Start of DATA FOR THIS EXERCISE

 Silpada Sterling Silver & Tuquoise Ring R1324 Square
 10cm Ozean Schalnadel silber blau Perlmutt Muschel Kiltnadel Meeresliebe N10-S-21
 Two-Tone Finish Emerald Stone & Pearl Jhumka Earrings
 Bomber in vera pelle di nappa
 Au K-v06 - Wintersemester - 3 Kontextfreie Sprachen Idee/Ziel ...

End of DATA FOR THIS EXERCISE
Start of DATA FOR THIS EXERCISE

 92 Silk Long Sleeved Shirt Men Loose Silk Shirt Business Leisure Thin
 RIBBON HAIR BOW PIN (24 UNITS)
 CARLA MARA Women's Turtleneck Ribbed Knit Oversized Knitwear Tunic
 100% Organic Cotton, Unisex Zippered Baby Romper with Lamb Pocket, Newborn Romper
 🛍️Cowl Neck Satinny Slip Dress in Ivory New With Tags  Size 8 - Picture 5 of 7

End of DATA FOR THIS EXERCISE

> [PROBLEM TO SOLVE]: Look back at the entries above and repeat, unchanged, every line from the line holding "Silpada Sterling Silver" through the line holding "Au K-v06 - Wintersemester".

> [RESULT OF THIS EXERCISE]:
 Silpada Sterling Silver & Tuquoise Ring R1324 Square
 10cm Ozean Schalnadel silber blau Perlmutt Muschel Kiltnadel Meeresliebe N10-S-21
 Two-Tone Finish Emerald Stone & Pearl Jhumka Earrings
 Bomber in vera pelle di nappa
 Au K-v06 - Wintersemester - 3 Kontextfreie Sprachen Idee/Ziel ...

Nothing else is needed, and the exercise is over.